Autour de la Maison de la résistance s’est formé depuis déjà plusieurs -années un lieu de pratiques concrètes d’autonomie et d’autogestion, mais Bure c’est aussi l’occupation du Bois Lejuc, la présence de gens du coin, de collectifs antinucléaire anciens, l’organisation d’actions d’occupation. Comment tout cela arrive à converger ?
La lutte contre l’enfouissement des déchets date des années 1980. Ici, la défense du territoire a commencé dans les années 1990 et n’a cessé de se renouveler, rythmée par l’actualité du projet. Depuis 2015, la convergence des luttes et de nombreux recours juridiques ont permis de bloquer les travaux préparatoires, en libérant et en occupant le Bois Lejuc, une zone stratégique pressentie pour y creuser les galeries de Cigéo, et les puits d’accès et de relarguage d’hydrogène radioactif. De forts liens se sont tissés entre nouveaux arrivantEs qui, pour certains, s’implantent localement, riverainEs, paysanEs et toutes celles et ceux qui, depuis plus de 30 ans, résistent au projet d’enfouir les déchets nucléaires. Un objectif commun : ne pas laisser s’implanter ce qui est aujourd’hui présenté comme le plus gros chantier du siècle à venir, mais aussi le plus risqué qui soit.
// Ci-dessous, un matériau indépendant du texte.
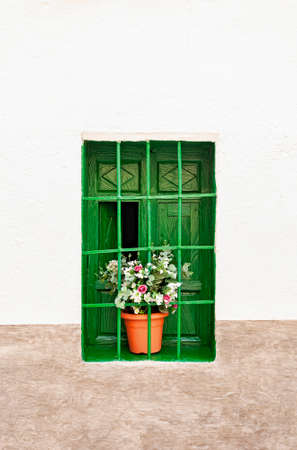 An intense green decorative vintage window with a colorful plastic plant in a pot, plantsの写真素材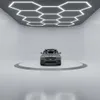 A car is displayed on a rotating platform in a showroom with hexagonal lighting on the ceiling. Podgląd zdjęcia produktu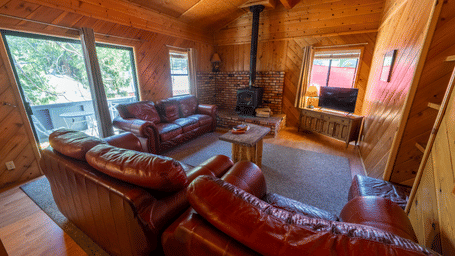 A living room with wood-paneled walls and vaulted ceiling, featuring brown leather sofas, a brick fireplace with wood stove, wooden coffee table, TV unit, and large windows with tree views - Shaver Lake Village Hotel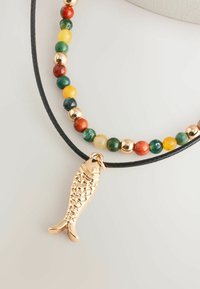 Collier en perles multicolores avec un pendentif en forme de poisson en or. Les perles comprennent du vert, du rouge, du jaune et de l'or sur un cordon tressé noir.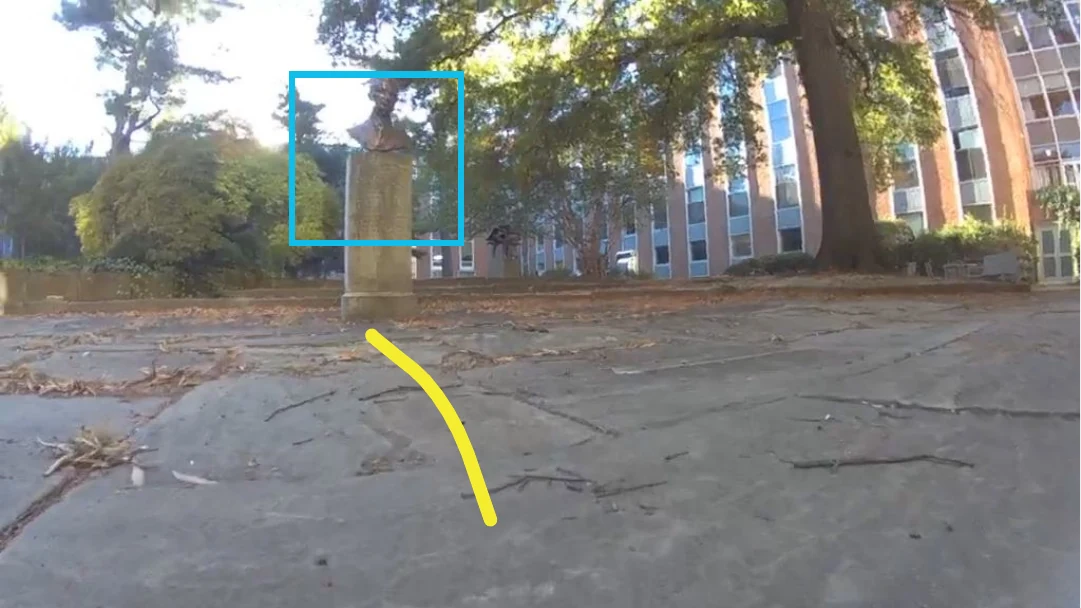 Robot camera view across concrete slabs toward a brick building; a stone statue is boxed on the left and the predicted path curves left toward it.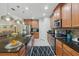 Spacious kitchen with stainless appliances, granite countertops and modern pendant lighting at 3824 Gulf Shore Cir, Kissimmee, FL 34746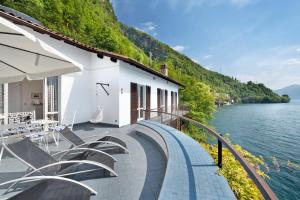a building with stairs next to a body of water at Villa Vittoria in Varenna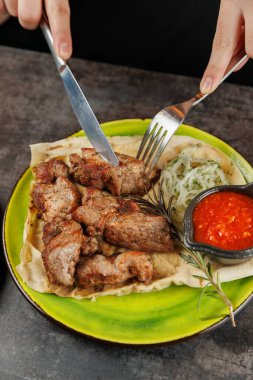 Bir insan, taze sebze ve sos ile servis edilen ızgara et tabaklarını keser. Ayarlar gündelik ve yemeğe odaklı..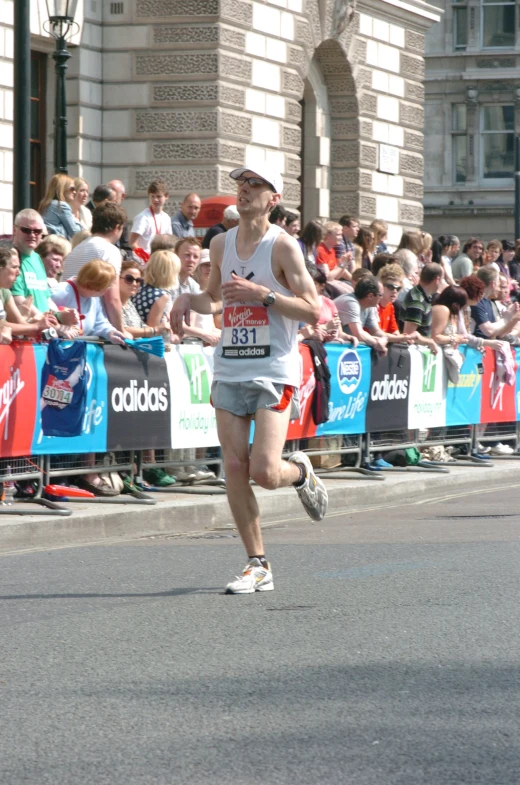 a man running in a marathon while a crowd watches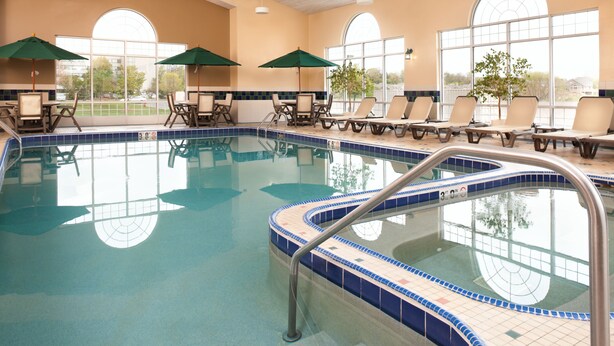 An indoor swimming pool with lounge chairs and umbrellas, surrounded by large windows. - Country Inn & Suites by Radisson, Milwaukee West (Brookfield), WI (Brookfield)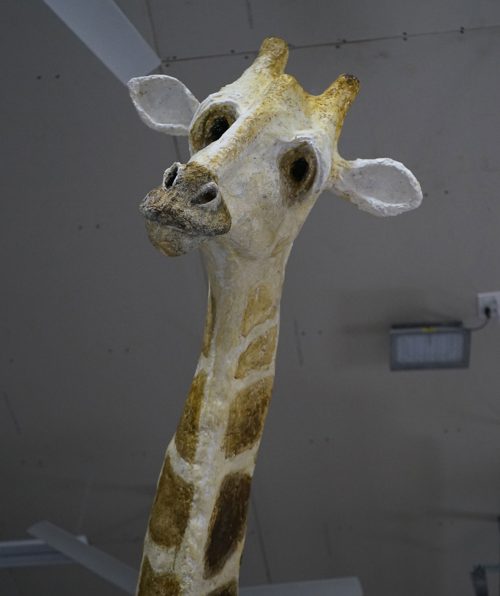 Close-up of the head of a sculpture of a giraffe.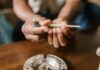 Un ensayo de EE UU relaciona el efecto del cannabis con el sexo y la frecuencia de uso Unas manos sostienen un porro sobre un cenicero situado en una mesa de madera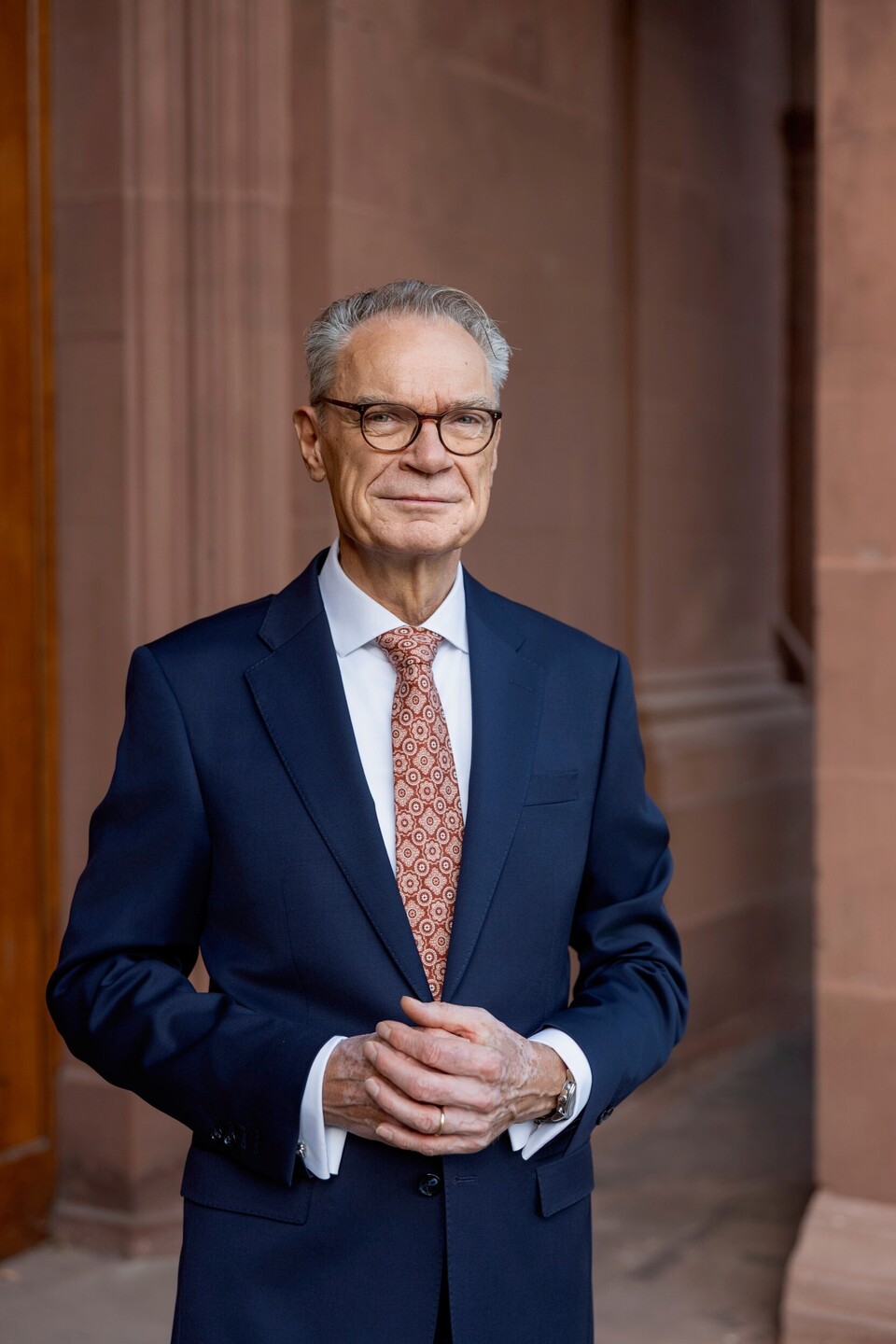 Joachim Lutz hat kurze Haare und trägt eine Brille und einen dunklen Anzug. Er steh mit verschränkten Händen vor einer Backsteinwand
L’abandon de Notre-Dame-des-Landes doit ouvrir la voie à une remise en cause profonde de Cigéo.
Mais la complémentarité des pratiques ne se décrète pas, elle doit être cultivée, c’est la recherche permanente d’un équilibre, qui ne se fait pas non plus sans difficultés. Il faut y apporter une attention quotidienne, cela demande parfois beaucoup d’énergie et nécessite des discussions permanentes, parfois houleuses, mais qui nous permettent d’avancer.
L’Autorité de sûreté nucléaire commence à émettre des doutes. L’État sait maintenant que Bure ne sera pas une promenade de santé. Quelles sont les perspectives du mouvement de résistance pour les semaines à venir ?
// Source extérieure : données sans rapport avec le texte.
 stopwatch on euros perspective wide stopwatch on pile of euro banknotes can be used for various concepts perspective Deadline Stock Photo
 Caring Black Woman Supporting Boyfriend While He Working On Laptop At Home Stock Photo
Alors qu’une vague de répression sans précédent s’abat sur le mouvement depuis l’été dernier, nous appelons à un rassemblement le 13 février devant le tribunal de Bar-le-Duc. Ce rendez-vous est d’importance, tant la charge symbolique de ces trois accusations est forte. Deux personnes devront répondre de la destruction du mur de béton érigé illégalement par l’Andra à l’été 2016 ; une autre devra se défendre d’avoir prétendûment « atteint à l’honneur » d’un commandant de gendarmerie.
Ensuite ce sera le premier grand week-end intercomités, parce que notre action ne doit pas rester cantonnée autour de Bure, mais rentrer en résonance avec d’autres luttes, d’autres lieux, d’autres rêves. Pour renforcer l’occupation de la forêt et réfléchir à comment construire, partout, un mouvement suffisamment fort pour mettre en échec toute tentative d’expulsion, nous invitons tous nos soutiens, individus, associations et comités de lutte anti-nucléaire, à venir se rassembler sur la zone le 1er week-end de mars. Un week-end de balades, de chantiers collectifs, de créations artistiques sur pans de murs à l’abandon, de discussions et de fête. Un week-end pour accorder nos violons avant le printemps et faire retentir nos voix partout où des aménageurs bétonnent avec mégalomanie.